EU ACUSO os que agora falam em promover um “novo paradigma”, uma “ nova cultura de paz”, pois o que se deve promover é a boa e VELHA cultura da “vergonha na cara”, do respeito às normas, à autoridade e do respeito ao ambiente universitário como um ambiente de busca do conhecimento;

EU ACUSO os “cabeça – boa” que acham e ensinam que disciplina é “careta”, que respeito às normas é coisa de velho decrépito;

EU ACUSO os métodos de avaliação de professores, que se tornaram templos de vendilhões, nos quais votos são comprados e vendidos em troca de piadinhas, sorrisos e notas fáceis;

EU ACUSO os alunos que protestam contra a impunidade dos políticos, mas gabam-se de colar nas provas, assim como ACUSO os professores que, vendo tais alunos colarem, não têm coragem de aplicar a devida punição;

EU VEEMENTEMENTE ACUSO os diretores e coordenadores que impedem os professores de punir os alunos que colam, ou pretendem que os professores sejam “promoters” de seus cursos;

EU ACUSO os diretores e coordenadores que toleram condutas desrespeitosas de alunos contra professores e funcionários, pois sua omissão quanto aos pequenos incidentes é diretamente responsável pela ocorrência dos incidentes maiores;

Uma multidão de filhos tiranos que se tornam alunos - clientes, serão despejados na vida como adultos eternamente infantilizados e totalmente despreparados, tanto tecnicamente para o exercício da profissão, quanto pessoalmente para os conflitos, desafios e decepções do dia a dia.

Ensimesmados em seus delírios de perseguição ou de grandeza, estes jovens mostram cada vez menos preparo na delicada e essencial arte que é lidar com aquele ser complexo e imprevisível que podemos chamar de “o outro”.

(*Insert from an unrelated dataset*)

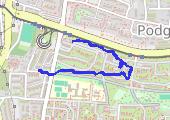 Trasa z dnia 2022-05-25 09:23 - mapa trasy gps - marsz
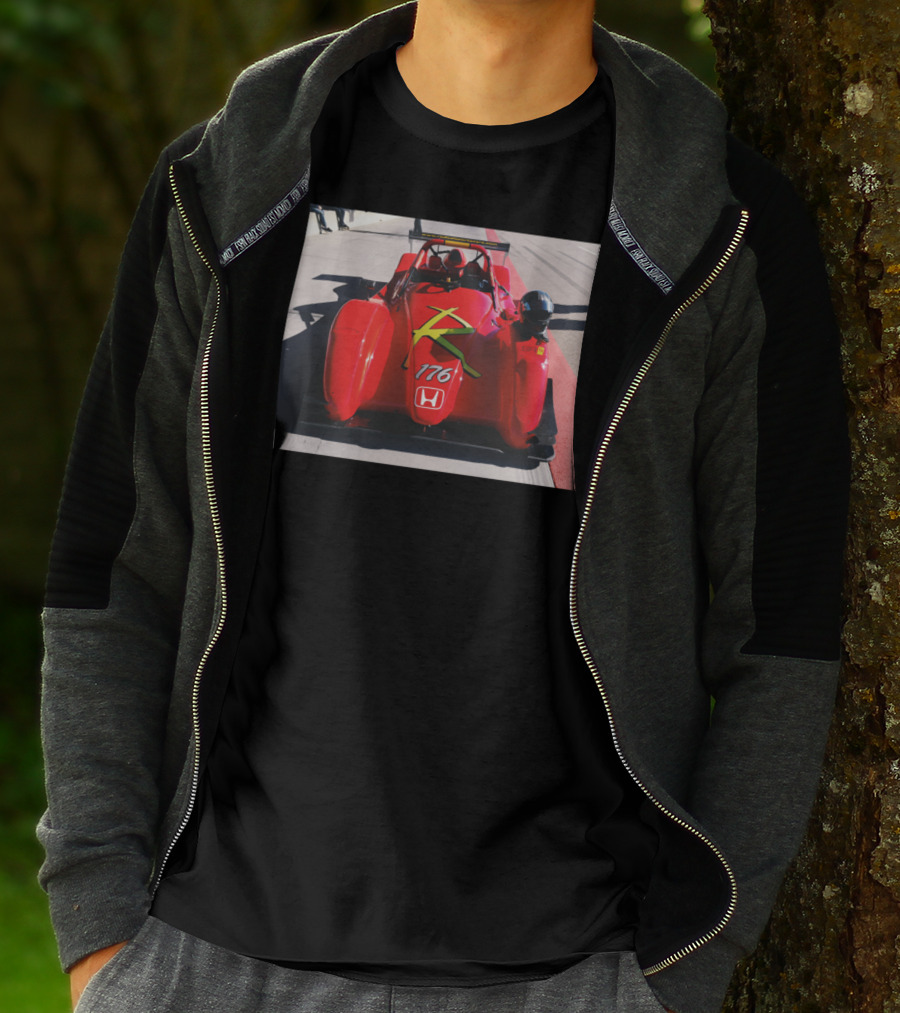 Honda Red Race Car 176 T-Shirt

A infantilização eterna cria a seguinte e horrenda lógica, hoje na cabeça de muitas crianças em corpo de adulto: “Se eu tiro nota baixa, a culpa é do professor. Se não tenho dinheiro, a culpa é do patrão. Se me drogo, a culpa é dos meus pais. Se furto, roubo, mato, a culpa é do sistema. Eu, sou apenas uma vítima. Uma eterna vítima. O opressor é você, que trabalha, paga suas contas em dia e vive sua vida. Minhas coisas não saíram como eu queria. Estou com muita raiva. Quando eu era criança, eu batia os pés no chão. Mas agora, fisicamente, eu cresci. Portanto, você pode ser o próximo.”

Qualquer um de nós pode ser o próximo, por qualquer motivo. Em qualquer lugar, dentro ou fora das escolas. A facada ignóbil no professor Kássio dói no peito de todos nós. Que a sua morte não seja em vão. É hora de repensarmos a educação brasileira e abrirmos mão dos modismos e invencionices. A melhor “nova cultura de paz” que podemos adotar nas escolas e universidades é fazermos as pazes com os bons e velhos conceitos de seriedade, responsabilidade, disciplina e estudo de verdade. 
 Igor Pantuzza Wildmann
 Advogado – Doutor em Direito. Professor universitário.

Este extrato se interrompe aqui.